§ Supplied data:

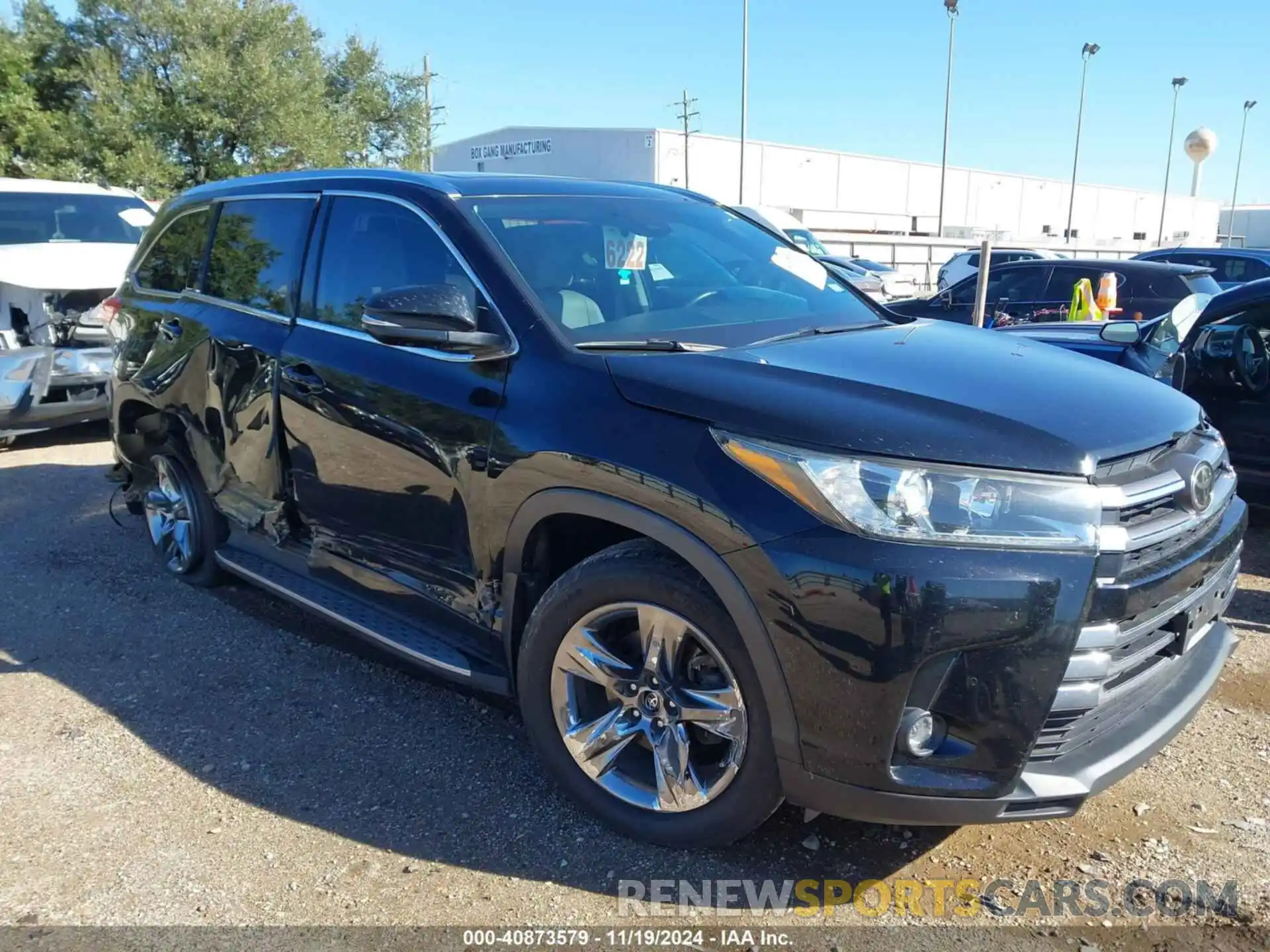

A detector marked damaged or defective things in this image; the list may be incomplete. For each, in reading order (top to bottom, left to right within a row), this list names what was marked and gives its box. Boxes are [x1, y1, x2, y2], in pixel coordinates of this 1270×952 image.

damaged black toyota highlander [106, 167, 1239, 848]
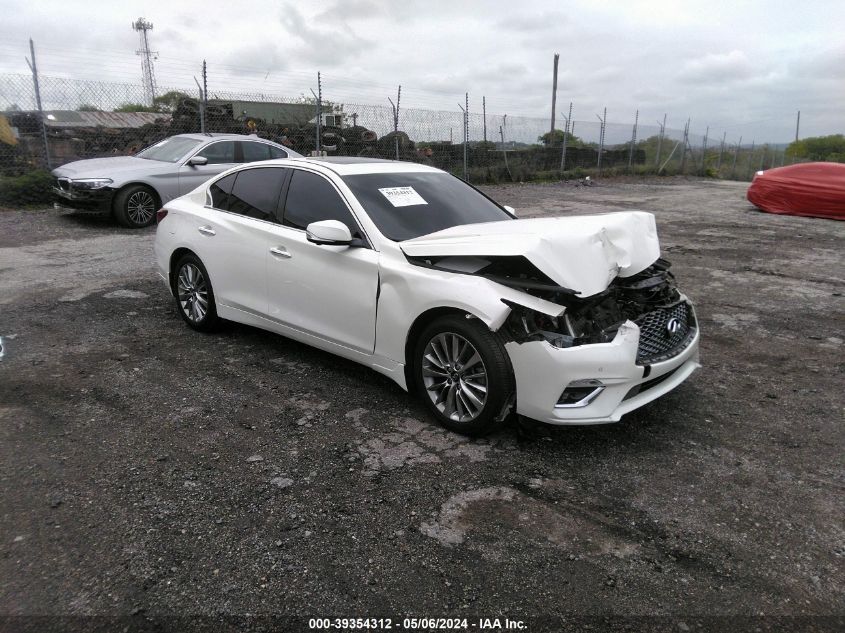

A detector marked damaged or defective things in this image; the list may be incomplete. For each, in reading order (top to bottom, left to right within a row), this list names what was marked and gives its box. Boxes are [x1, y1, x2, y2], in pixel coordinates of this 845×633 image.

crumpled hood [51, 156, 162, 178]
damaged white car [152, 158, 700, 434]
crumpled hood [398, 209, 664, 296]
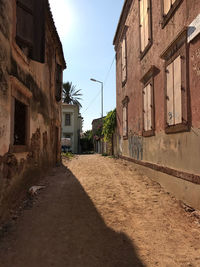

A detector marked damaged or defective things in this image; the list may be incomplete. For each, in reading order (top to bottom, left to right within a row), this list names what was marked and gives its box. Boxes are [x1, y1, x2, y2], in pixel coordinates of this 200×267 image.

peeling plaster wall [0, 0, 63, 222]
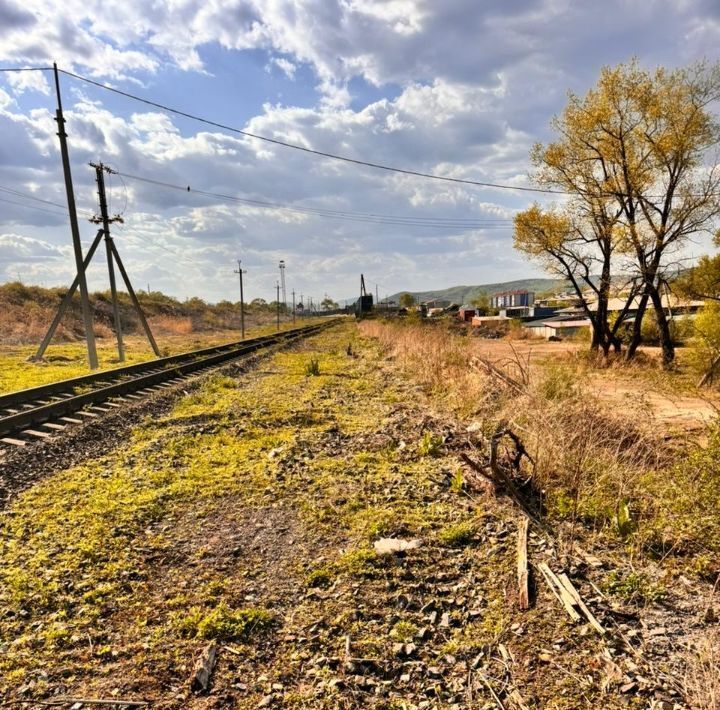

§ Exercise brief: Repeat verbatim the lines from the one with "this 200×267 image." through the end of the listing above. Include both ends, add nothing, and exclude the pictures.

§ Task solution:
A detector marked damaged or defective things in this image; the list may be incomplete. For each, in reading order (top to bottom, left to right within a row), this list names what was marked and gives its box. Boxes are [x1, y1, x2, y2], in pixel coordinates of this 200×267 image.

peeling plaster wall [0, 0, 63, 222]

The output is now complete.